_Task item_. Print them exactly: the lines from the beginning of the entries below through the line that contains "Miami Marlins Youth", and only those, with the pictures left out.

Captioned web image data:
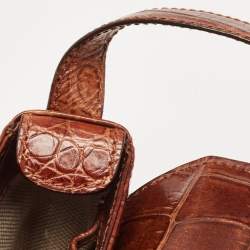 Pre Owned Aigner Dark Brown Croc Embossed Leather Flap Saddle Crossbody Bag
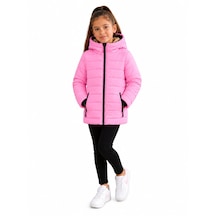 Dublino Kids Pembe Kız Çocuk Kapüşonlu Su Ve Rüzgar Geçirmez Şişme Mont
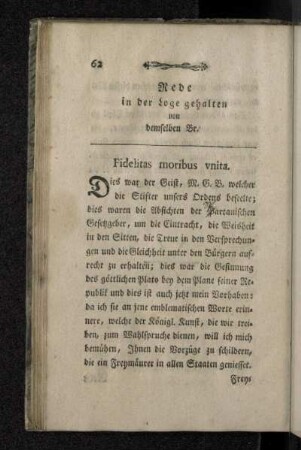 Rede in der Loge gehalten von demselben Br.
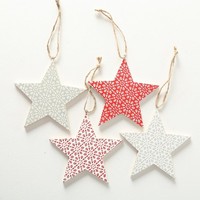 DekoanhäNger Finny Stern Holz Weihnachten Deko Ø 12 Cm 4Er Set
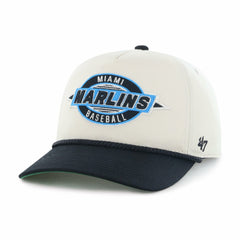 Miami Marlins Youth Frame Out Hitch Adjustable Hat - Natural/Black | 47 brand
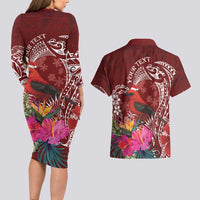 Personalized Samoa Meri Krisimasi Couples Matching Long Sleeve Bodycon Dress and Hawaiian Shirt Segasegamau'u Mix Siapo LT7 - Polynesian Pride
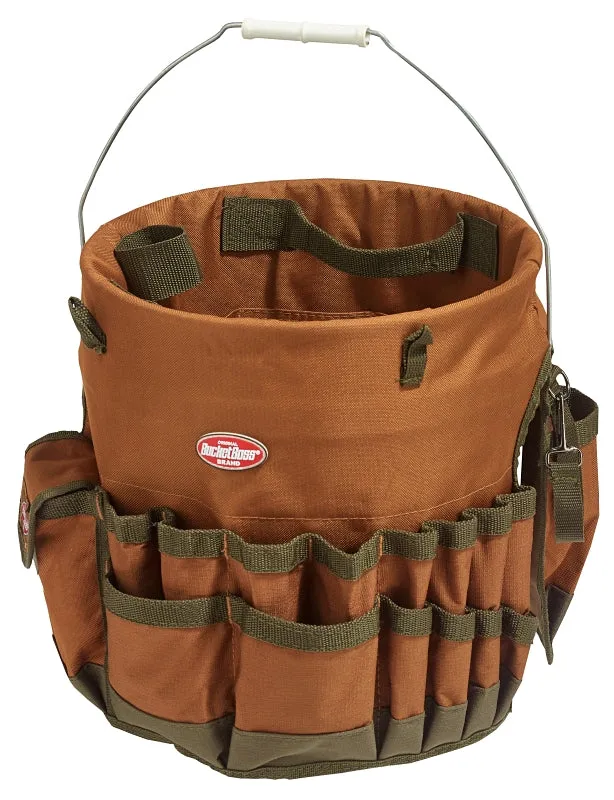 Bucket Boss 10030 Bucketeer, 11 in W, 11 in D, 11 in H, 30-Pocket, Polyester, Brown :EA: QUANTITY: 1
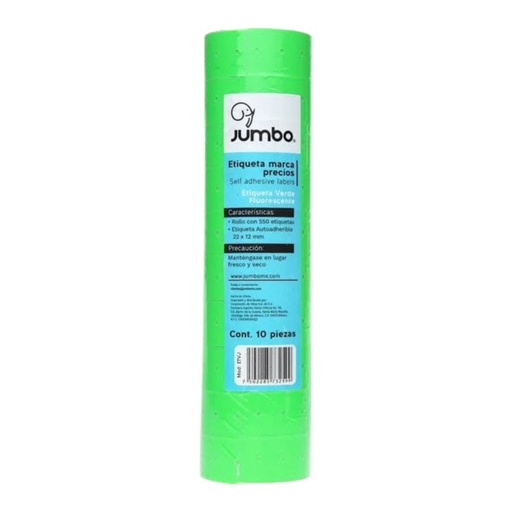 [004081] Etiqueta Marca Precios 22 x 12 mm Verde Neon C/ 10 Rollos de 550 etiquetas Jumbo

_Answer area_.
 Pre Owned Aigner Dark Brown Croc Embossed Leather Flap Saddle Crossbody Bag
 Dublino Kids Pembe Kız Çocuk Kapüşonlu Su Ve Rüzgar Geçirmez Şişme Mont
 Rede in der Loge gehalten von demselben Br.
 DekoanhäNger Finny Stern Holz Weihnachten Deko Ø 12 Cm 4Er Set
 Miami Marlins Youth Frame Out Hitch Adjustable Hat - Natural/Black | 47 brand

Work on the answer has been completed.